Would you please copy all of the data exactly, skipping the images?

▶ [AVAILABLE DATA]:
=== Section Start ===

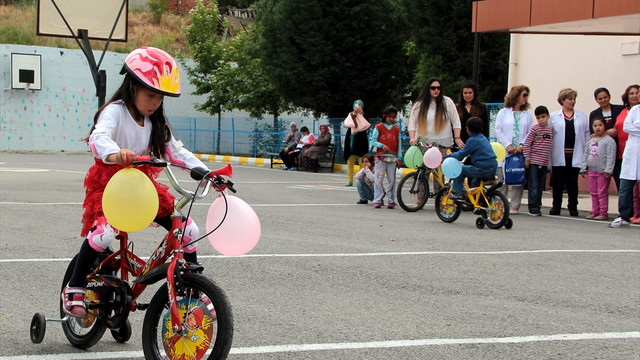 Manisa'daki özel öğrencilere askerlerden bisiklet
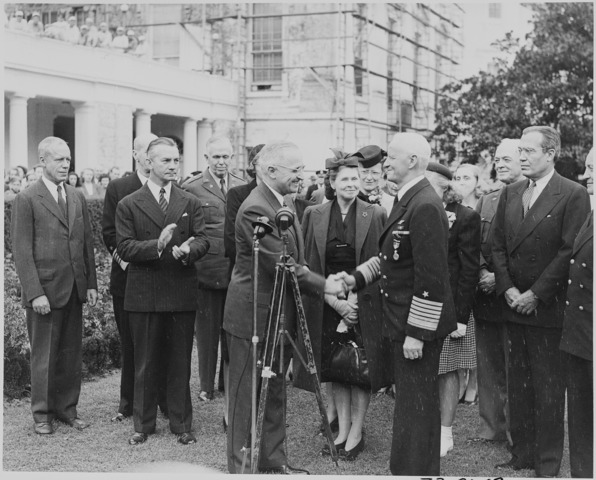El presidente Truman da la mano al Almirante Nimitz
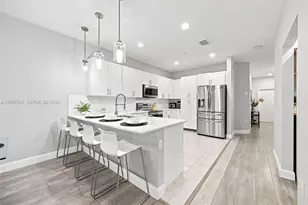 156 SW 185th Way, Pembroke Pines, FL 33029 - Photo 9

=== Section End ===

▶ [RESPONSE]:
 Manisa'daki özel öğrencilere askerlerden bisiklet
El presidente Truman da la mano al Almirante Nimitz
 156 SW 185th Way, Pembroke Pines, FL 33029 - Photo 9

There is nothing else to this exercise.